元史卷一百九十五 列傳第八十二 托里布哈

托里布哈(字端甫)

  • 托里布哈は字を端甫、蒙古人。初め宿衛官となり累歴して顕要に至り遼陽行省右丞に抜擢され、平章政事に陞った。陳友諒が江西を陥すと詔で江西行省平章政事を拝命し、平章政事の阿爾和碩(アルホショ)らと分道して進討し、海を泛んで南下し広東に趨いた。揭陽に駐屯すると土寇の金元祐が降り循・梅・恵三州の寇を招復した。制を承けてその酋長を官にし賊を治めさせ兵食を給し、さらに別に粟4千石を規して京師に輸送させた。これにより英・肇・欽・連の諸郡もみな帰附し、さらに兵を治め梅嶺を経て江西を図ろうとしたが、元祐に異心があり、その土地を鎮服するためと称して道を遮り固く留めた。
  • これより先、制書で劉巨海に広東元帥府事を僉じることが命じられていたがまだ発表されておらず、元祐は密かにこれを盗み名を易えて猺賊の劉文遠に私かに授け、共に乱を起こすよう誘った。事が発覚し文遠は誅に伏したが、元祐とその弟元泰の子榮は逃亡して捕らえられなかった。まもなく榮は外賊を率いて突入し符信を奪って官吏を殺し、事変は倉卒として起こり衆は支えられなかった。托里布哈は参政の楊泰元らと兵を勒めて拒戦したが、賊はさらに増え、托里布哈は槍に当たり重傷を負った。

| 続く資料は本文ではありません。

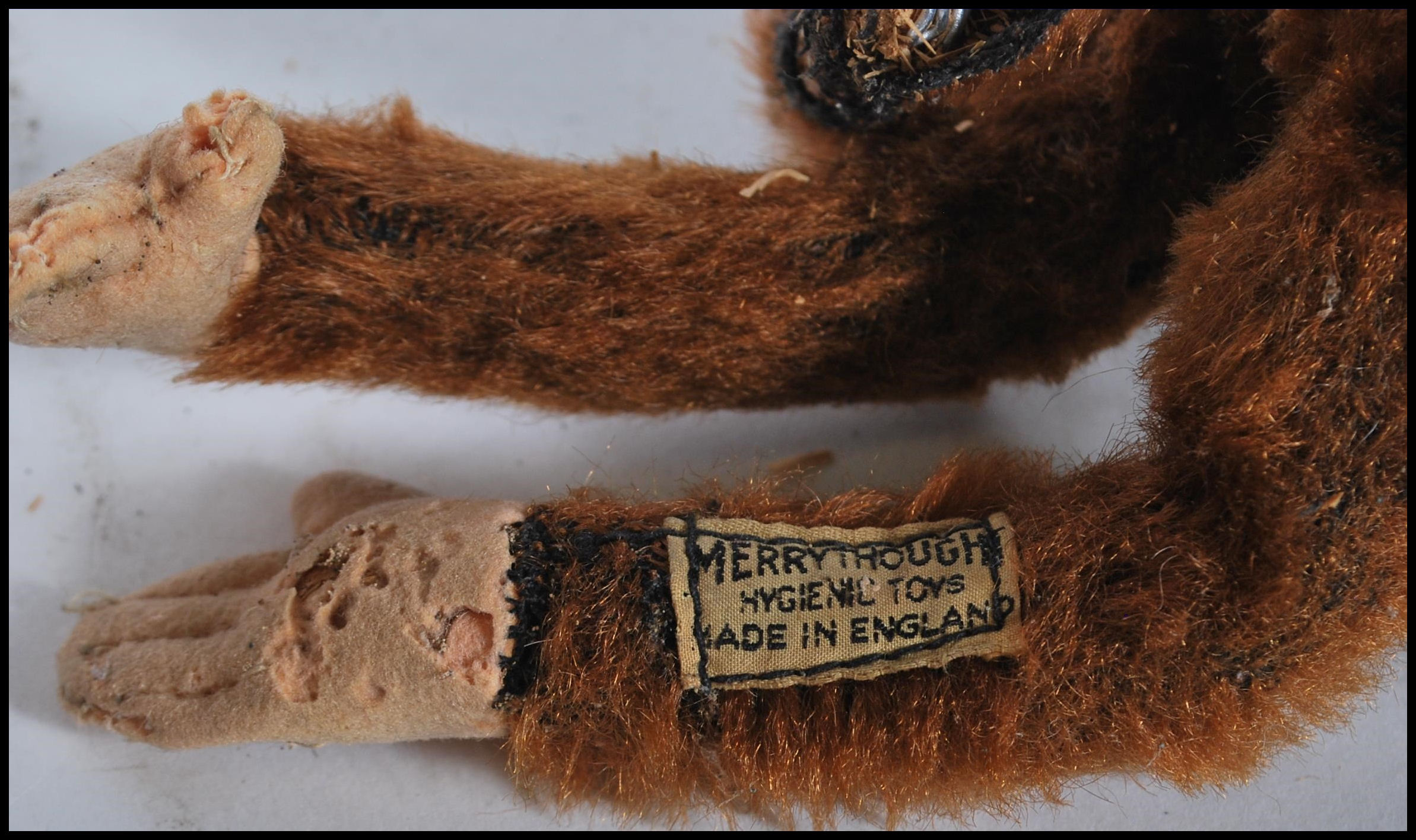 A vintage 1950's Merrythought made soft toy straw filled monkey with bead eyes and original label - Image 5 of 5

子の達蘭布哈(ダランブハ)は麾下を率いて力を尽くして抗い死んだ。托里布哈はついに捕らえられ太平橋まで連行されたが罵り続け、ついに賊に殺された。妻の布延(ブヤン)氏、妾の高麗氏は側にいて逃げず、みな大罵し「私の平章はお前ら父子を厚遇していたのに、お前ら父子はどうしてここまで恭順を欠き逆らうのか」と言い、やはり殺された。その部将の哈奇爾(ハキル)・呉布延(ウブヤン)・阿拉克布哈(アラクブハ)・廸延布哈(ディエンブハ)らもみな戦死した。